Please set the lines down again exactly, from the top of the entries through the line that contains "Building Photo - 12120 SW 71st Ct".

INPUT MATERIAL

⁂

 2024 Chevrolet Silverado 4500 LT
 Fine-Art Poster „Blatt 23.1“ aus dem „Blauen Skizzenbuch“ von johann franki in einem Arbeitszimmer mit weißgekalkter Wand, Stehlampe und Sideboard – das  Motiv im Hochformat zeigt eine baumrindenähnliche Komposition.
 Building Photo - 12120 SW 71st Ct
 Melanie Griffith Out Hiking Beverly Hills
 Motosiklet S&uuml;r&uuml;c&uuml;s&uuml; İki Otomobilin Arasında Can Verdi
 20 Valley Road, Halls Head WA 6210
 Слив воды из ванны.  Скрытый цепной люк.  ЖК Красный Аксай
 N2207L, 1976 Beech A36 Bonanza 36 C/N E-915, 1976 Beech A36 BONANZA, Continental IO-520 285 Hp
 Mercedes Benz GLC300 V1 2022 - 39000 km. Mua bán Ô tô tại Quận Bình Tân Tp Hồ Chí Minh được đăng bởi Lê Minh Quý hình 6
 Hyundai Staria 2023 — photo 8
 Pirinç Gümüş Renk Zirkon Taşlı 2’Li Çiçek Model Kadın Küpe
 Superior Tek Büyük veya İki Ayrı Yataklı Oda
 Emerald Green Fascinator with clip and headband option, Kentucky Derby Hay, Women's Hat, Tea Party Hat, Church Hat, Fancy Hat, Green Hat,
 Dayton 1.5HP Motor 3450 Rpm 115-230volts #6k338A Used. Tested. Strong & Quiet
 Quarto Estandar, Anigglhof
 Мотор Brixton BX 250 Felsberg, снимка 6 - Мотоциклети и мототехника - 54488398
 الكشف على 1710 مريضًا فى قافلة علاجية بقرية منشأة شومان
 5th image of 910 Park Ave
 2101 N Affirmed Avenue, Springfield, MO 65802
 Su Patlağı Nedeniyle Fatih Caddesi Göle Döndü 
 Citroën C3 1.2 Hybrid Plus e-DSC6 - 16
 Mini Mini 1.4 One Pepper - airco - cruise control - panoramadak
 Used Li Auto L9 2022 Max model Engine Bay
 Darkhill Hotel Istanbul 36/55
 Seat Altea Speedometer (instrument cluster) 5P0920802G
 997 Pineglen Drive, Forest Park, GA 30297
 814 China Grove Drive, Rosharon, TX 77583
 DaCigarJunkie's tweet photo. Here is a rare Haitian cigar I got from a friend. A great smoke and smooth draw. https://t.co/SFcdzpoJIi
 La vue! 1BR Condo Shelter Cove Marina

⁂

TASK RESPONSE
 2024 Chevrolet Silverado 4500 LT
 Fine-Art Poster „Blatt 23.1“ aus dem „Blauen Skizzenbuch“ von johann franki in einem Arbeitszimmer mit weißgekalkter Wand, Stehlampe und Sideboard – das  Motiv im Hochformat zeigt eine baumrindenähnliche Komposition.
 Building Photo - 12120 SW 71st Ct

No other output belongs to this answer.